Su obra está marcada por el simbolismo y también tiene una profunda influencia de Charles Baudelaire. Destaca su interés por el ocultismo o la religión. Pero su agitada vida lo obligó a dejar la poesía durante un tiempo que aprovechó para viajar por Europa. También se dedicó al comercio en el Norte de África. Cuando regresó a la capital francesa ya se había publicado su obra Iluminaciones.
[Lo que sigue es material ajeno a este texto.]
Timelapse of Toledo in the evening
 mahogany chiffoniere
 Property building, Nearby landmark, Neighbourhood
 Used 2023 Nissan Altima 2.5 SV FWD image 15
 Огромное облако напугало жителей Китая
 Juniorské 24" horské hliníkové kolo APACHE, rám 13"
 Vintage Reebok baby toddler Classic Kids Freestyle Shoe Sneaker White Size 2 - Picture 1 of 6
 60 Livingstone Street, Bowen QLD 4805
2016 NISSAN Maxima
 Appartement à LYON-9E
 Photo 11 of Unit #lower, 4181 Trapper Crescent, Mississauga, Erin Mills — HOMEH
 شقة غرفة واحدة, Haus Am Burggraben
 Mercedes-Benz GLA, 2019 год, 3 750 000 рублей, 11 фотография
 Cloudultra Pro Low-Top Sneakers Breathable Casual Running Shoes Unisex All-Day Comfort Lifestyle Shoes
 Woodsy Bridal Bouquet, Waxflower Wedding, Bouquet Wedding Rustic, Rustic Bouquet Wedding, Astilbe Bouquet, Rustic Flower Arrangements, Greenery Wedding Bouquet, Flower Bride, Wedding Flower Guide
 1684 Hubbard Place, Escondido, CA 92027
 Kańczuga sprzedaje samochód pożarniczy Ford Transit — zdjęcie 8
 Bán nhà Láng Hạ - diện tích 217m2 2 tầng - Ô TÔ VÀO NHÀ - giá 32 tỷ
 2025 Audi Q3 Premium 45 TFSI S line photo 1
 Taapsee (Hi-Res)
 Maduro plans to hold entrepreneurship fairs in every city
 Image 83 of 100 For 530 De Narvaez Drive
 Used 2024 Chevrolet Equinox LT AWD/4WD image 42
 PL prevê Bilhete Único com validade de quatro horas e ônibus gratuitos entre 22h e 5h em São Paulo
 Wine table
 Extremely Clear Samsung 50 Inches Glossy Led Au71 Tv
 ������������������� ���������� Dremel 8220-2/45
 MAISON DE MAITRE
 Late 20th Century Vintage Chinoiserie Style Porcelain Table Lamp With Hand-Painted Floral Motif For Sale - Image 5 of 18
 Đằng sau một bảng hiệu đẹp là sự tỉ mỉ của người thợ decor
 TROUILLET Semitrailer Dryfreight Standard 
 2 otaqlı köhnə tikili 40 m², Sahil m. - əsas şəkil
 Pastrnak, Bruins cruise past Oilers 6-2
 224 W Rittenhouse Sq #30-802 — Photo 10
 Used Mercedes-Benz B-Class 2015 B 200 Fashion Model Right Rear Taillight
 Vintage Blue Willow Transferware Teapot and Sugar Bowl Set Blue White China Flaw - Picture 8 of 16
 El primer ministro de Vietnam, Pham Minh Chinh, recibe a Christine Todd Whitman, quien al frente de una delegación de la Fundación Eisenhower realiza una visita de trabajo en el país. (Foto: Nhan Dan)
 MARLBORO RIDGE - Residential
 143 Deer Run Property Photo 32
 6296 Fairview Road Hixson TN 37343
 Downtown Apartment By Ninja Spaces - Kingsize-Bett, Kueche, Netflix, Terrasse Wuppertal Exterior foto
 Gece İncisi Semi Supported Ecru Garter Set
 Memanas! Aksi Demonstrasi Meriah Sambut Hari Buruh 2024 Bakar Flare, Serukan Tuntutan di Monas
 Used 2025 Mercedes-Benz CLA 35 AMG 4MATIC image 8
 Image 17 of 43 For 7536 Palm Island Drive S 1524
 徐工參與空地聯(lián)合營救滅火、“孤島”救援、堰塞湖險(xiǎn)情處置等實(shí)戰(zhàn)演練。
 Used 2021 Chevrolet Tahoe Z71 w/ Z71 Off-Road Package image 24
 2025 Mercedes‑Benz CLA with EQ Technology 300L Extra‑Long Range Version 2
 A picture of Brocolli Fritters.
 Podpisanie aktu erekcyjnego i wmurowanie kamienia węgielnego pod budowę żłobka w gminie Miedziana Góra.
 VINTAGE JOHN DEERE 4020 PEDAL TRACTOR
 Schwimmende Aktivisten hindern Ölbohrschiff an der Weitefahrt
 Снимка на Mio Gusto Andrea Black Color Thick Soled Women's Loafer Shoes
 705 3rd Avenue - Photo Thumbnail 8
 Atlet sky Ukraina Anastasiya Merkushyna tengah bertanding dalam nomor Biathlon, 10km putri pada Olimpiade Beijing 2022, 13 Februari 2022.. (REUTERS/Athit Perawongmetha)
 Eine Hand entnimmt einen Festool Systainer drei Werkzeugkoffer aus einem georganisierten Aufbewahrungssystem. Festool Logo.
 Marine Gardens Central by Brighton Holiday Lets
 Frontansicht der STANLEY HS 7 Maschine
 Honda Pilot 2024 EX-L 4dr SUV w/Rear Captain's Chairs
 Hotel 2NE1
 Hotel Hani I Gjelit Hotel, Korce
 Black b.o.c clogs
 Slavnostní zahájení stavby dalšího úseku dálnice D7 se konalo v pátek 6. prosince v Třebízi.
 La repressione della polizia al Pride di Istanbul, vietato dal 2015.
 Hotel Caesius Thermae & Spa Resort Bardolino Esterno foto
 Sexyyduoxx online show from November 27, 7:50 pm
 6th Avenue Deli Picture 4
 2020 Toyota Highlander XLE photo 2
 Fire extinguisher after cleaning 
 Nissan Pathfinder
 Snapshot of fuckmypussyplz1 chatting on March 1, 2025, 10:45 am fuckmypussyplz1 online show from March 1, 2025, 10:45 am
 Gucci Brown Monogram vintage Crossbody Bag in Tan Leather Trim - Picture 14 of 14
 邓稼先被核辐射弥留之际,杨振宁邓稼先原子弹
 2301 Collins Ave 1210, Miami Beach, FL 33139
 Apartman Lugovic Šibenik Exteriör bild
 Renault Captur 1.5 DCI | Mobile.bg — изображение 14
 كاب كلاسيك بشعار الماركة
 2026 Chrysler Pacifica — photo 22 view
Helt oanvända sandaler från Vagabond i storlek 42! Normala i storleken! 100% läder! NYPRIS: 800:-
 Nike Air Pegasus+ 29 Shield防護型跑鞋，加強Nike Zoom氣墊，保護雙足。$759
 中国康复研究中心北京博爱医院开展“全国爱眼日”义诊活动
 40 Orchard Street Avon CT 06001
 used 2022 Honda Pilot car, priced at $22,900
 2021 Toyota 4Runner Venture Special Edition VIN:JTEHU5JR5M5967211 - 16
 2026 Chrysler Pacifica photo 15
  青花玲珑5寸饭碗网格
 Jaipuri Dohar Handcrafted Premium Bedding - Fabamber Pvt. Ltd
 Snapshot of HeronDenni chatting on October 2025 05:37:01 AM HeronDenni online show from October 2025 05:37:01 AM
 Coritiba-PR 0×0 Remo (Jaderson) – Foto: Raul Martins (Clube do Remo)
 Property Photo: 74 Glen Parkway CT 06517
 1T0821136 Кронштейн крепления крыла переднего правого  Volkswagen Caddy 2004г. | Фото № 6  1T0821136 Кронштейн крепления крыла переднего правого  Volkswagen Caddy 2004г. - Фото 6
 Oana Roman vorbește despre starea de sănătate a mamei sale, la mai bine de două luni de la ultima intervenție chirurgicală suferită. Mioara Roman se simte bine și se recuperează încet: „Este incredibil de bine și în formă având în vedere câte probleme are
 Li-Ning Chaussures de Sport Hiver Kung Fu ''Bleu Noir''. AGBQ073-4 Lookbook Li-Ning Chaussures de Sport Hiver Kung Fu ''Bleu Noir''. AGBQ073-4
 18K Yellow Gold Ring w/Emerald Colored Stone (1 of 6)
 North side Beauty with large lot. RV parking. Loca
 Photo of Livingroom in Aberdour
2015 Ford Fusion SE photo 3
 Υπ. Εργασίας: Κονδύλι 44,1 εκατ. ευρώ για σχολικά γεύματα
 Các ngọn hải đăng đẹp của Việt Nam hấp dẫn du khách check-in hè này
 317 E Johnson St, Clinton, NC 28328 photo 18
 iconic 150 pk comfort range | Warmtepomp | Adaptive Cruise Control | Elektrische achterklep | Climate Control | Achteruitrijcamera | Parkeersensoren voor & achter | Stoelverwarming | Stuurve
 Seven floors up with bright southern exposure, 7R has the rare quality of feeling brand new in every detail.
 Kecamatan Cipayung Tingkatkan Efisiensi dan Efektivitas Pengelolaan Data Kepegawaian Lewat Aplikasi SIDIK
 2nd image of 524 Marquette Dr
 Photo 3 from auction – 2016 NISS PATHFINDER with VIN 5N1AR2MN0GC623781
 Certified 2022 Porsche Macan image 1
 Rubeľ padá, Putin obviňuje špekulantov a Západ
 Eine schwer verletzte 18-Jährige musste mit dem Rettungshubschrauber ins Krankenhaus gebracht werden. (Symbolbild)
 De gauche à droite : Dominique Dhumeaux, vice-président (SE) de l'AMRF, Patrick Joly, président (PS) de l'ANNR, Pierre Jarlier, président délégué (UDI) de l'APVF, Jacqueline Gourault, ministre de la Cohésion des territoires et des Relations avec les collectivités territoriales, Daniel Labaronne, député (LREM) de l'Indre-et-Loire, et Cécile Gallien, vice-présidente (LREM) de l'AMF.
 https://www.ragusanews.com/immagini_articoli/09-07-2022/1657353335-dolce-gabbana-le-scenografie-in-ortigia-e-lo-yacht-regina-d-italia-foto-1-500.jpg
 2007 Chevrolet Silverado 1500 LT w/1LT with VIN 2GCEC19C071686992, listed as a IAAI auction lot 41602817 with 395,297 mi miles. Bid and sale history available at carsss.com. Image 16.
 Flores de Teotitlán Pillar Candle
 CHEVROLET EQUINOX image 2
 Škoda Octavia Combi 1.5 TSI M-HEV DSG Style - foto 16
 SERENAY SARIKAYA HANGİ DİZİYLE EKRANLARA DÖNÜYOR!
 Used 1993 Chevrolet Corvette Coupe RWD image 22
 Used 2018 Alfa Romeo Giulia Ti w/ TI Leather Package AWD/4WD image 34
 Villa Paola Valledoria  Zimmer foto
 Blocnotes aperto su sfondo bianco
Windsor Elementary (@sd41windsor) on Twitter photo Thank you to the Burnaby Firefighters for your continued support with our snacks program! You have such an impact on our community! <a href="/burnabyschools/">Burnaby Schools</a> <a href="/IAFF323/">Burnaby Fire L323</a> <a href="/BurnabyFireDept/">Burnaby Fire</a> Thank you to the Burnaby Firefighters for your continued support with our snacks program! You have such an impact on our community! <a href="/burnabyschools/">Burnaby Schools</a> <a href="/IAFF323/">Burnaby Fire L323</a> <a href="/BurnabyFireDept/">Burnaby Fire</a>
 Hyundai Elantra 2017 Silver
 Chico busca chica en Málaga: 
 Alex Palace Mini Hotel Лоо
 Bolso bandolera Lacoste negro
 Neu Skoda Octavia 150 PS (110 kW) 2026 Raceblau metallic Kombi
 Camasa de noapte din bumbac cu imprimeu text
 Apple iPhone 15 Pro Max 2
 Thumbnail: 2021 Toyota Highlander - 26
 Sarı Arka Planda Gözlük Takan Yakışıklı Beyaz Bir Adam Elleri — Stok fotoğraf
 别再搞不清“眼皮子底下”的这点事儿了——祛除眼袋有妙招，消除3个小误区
Falleció también un mes de noviembre de 1891.
Acaso no imaginas…
¿Acaso no imaginas por qué de amor me muero?
La flor me dice: ¡Hola! ¡Buenos días!, el ave.
Llegó la primavera, la dulzura del ángel.
¡No adivinas acaso por qué de embriaguez hiervo!
Dulce ángel de mi cuna, ángel de mi abuelita,
¿No adivinas acaso que me transformo en ave
que mi lira palpita y que mis alas baten
como una golondrina?
Ofelia
I
En las aguas profundas que acunan las estrellas,
blanca y cándida, Ofelia flota como un gran lilio,
flota tan lentamente, recostada en sus velos…
cuando tocan a muerte en el bosque lejano.
Hace ya miles de años que la pálida Ofelia
pasa, fantasma blanco por el gran río negro;
más de mil años ya que su suave locura
murmura su tonada en el aire nocturno.
El viento, cual corola, sus senos acaricia
y despliega, acunado, su velamen azul;
los sauces temblorosos lloran contra sus hombros
y por su frente en sueños, la espadaña se pliega.
Los rizados nenúfares suspiran a su lado,
mientras ella despierta, en el dormido aliso,
un nido del que surge un mínimo temblor…
y un canto, en oros, cae del cielo misterioso.
II
¡Oh tristísima Ofelia, bella como la nieve,
muerta cuando eras niña, llevada por el río!
Y es que los fríos vientos que caen de Noruega
te habían susurrado la adusta libertad.
Y es que un arcano soplo, al blandir tu melena,
en tu mente transpuesta metió voces extrañas;
y es que tu corazón escuchaba el lamento
de la Naturaleza -son de árboles y noches.
Y es que la voz del mar, como inmenso jadeo
rompió tu corazón manso y tierno de niña;
y es que un día de abril, un bello infante pálido,
un loco miserioso, a tus pies se sentó.
Cielo, Amor, Libertad: ¡qué sueño, oh pobre Loca!
Te fundías en él como nieve en el fuego;
tus visiones, enormes, ahogaban tu palabra.
-Y el terrible Infinito espantó tu ojo azul.
III
Y el poeta nos dice que en la noche estrellada
vienes a recoger las flores que cortaste,
y que ha visto en el agua, recostada en sus velos,
a la cándida Ofelia flotar, como un gran lis.